In his 1924 Macbeth, Kurbas set himself another challenge: to examine the nature of theater itself. The production broke down all the “natural” expectations of the traditional theater event — among them concepts of character, time/space (already reconceived in Jimmie Higgins), differences between high and low, audience and actor — in a production which also assimilated and rethought contemporary achievements in the related fields of the visual arts, dance, film, poetry, music, graphic design, and technology. I have discussed this production in some detail elsewhere, so here I shall focus on just a few particularly important elements. Foremost was the assault on the notion of character. In addition to doubling and tripling roles (a convention of English Renaissance theater), actors were required to “engage” in their role only once they were onstage and after a gong had sounded their cue. Having completed their part, a gong sounded again, and the actors then “disengaged” from their role before exiting. The audience would thus see the actor “working.” In effect, the actors presented a series of isolated, discrete “numbers.” Repeated throughout the production, such an “engagement” and “disengagement” with a role drew attention to the broader notion of theatricality. Suspending traditional drama’s fluidity of action, the tactic of discontinuity invited the audience to interrogate its expectations of theatrical conventions both onstage and in life. Focusing on the skill and labor of the actor, the strategy encouraged a cerebral response to the play on both sides of the footlights, since the actors — as in cabaret — were required to be both performers and spectators to each other, as well as to the audience.[28]

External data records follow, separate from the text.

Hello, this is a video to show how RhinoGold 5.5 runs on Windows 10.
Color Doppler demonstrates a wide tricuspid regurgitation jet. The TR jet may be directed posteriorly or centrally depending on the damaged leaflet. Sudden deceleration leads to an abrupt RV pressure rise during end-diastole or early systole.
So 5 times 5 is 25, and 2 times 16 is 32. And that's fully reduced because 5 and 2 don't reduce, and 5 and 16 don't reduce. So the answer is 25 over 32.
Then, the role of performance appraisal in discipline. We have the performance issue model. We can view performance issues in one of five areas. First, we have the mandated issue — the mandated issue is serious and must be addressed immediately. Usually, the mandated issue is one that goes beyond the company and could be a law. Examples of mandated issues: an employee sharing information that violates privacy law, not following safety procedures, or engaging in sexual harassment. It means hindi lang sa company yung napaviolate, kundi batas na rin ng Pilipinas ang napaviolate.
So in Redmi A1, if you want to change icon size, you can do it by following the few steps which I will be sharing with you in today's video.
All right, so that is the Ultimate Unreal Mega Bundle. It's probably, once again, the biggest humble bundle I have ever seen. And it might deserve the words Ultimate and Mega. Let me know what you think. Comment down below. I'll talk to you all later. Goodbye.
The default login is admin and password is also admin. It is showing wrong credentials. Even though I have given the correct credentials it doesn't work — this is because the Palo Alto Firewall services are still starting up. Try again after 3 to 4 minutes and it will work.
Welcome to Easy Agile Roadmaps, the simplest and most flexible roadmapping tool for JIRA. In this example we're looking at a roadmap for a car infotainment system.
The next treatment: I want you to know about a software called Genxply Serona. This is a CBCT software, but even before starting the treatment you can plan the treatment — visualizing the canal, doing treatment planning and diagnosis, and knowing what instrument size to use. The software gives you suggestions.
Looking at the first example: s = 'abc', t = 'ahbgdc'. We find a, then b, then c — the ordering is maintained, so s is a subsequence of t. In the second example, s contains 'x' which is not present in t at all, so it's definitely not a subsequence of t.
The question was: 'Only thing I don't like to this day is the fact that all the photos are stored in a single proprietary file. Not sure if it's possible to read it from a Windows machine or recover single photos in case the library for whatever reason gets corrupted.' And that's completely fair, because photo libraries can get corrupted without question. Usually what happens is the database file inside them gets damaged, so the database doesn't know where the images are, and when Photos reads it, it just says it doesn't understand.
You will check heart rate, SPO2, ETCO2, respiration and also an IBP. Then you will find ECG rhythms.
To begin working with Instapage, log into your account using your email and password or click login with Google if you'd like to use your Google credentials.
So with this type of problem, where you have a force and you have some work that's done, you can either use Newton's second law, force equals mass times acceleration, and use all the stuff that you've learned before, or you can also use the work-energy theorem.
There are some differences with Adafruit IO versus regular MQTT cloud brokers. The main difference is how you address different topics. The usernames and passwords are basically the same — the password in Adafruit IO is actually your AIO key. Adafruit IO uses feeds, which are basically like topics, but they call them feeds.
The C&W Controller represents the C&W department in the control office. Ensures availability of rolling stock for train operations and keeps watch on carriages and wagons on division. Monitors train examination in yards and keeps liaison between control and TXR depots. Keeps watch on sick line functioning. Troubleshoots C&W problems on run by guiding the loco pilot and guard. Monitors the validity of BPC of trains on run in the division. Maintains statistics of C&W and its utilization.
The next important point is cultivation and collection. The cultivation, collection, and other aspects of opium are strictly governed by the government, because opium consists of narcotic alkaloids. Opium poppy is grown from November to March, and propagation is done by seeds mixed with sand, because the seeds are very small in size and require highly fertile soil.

Decorative scenery was rejected and replaced by enormous, movable bright green screens of stretched canvas on which giant modernist red block letters announced the locality of each scene. Going a step beyond Edward Gordon Craig’s idea of self-supporting screens, Kurbas employed “living” screens to form an integral part of the dramatic action. Raised or lowered when needed at the sound of a gong, the screens sometimes indicated the simultaneity of the action in different parts of Scotland; at others they underscored the emotions of the lead actors, emphasized tension, and even interfered in the action. The blurring of time present with time past was also reflected in the costuming. Most of the actors were dressed in contemporary workmen’s clothes with stylized medieval accessories. Props acquired their own life, flying down or up, as need be. The musical score drew from Anatoly Butsky’s (Russian: Butskoy) contemporary atonal creations, Ukrainian folk songs, excerpts from Pietro Masagni’s Cavalleria rusticana, and a Schubert military march.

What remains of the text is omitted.